На базарах удивляются и Мишка и другие. Тут огурец, там помидор. А дома, поди, не отсеялись… И кто-то вздохнет:
– До чего же у нас она… ба-альшущая.
Счастлив Мишка и на пикете, когда окончен плотовой сплав и начинается молевой, по бревну.
Пикет может попасться удачливый: работы не так много, а заработки выходят настоящие.
Всего бывает: заторы, работа до одурения, дождь, жара, холод. Бревна да крючок, багор да бревно. Но бывает и безделье: уха у костра, приказ старшего:
– Побегай, Михаил.
Мишка бежит с авоськой в село, в магазин за водкой, вернее, потому что поздно, на дом к продавцу. Выпрашивает у зевающего продавца, который ломается и твердит: «Держать на дому не положено».

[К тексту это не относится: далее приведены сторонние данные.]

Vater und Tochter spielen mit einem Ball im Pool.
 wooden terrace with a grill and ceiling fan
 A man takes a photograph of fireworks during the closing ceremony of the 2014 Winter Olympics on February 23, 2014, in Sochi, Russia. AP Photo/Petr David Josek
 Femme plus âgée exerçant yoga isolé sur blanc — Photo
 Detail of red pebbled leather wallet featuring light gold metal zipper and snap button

Мишка не так охоч до водки. Некоторые на сплаве все пьют, оправдываясь: «Лес – дело темное, сплав – дело пьяное». А Мишка приберегает деньги, зашивает большую часть получки в потайной карман. Но в компании выпить неплохо, тем более, пойдут интересные разговоры. И Мишка клянчит:
– Дай, пожалуйста. Я ж понимаю – не положено. Да вот с приятелями встретились. Нельзя никак – понимаешь.
Продавец видит, что Мишка врет, еще ломается для порядка и дает. Мишка бежит обратно, все слушают, как он перехитрил продавца, а после ухи начинают вразнобой говорить сами.
И чего тут только не услышишь. Народ со всяких мест, бывалый. Один из колхоза, другой со строительства, третий кадровый, четвертый был выселен из Москвы и просто так по свету шатается. Говорят о политике, о космосе, о бомбе, о житье в разных местах, о физической силе, о женщинах, о начальстве, о книгах, даже о лошадях и цыганских свадьбах.
Мишка слушает, костер трещит, луна плывет над лесом, а на реке стукаются друг о друга и о боны бревна.
Всего перевидит за весну и лето Мишка. Вставать часто приходится рано, когда река вся мохната от стелющегося по воде, мелкими прядками завивающегося тумана, ложиться поздно, после того как закатится солнце и начнут вовсю перескрипываться коростели. Но иногда удается проваляться на солнцепеке и весь день.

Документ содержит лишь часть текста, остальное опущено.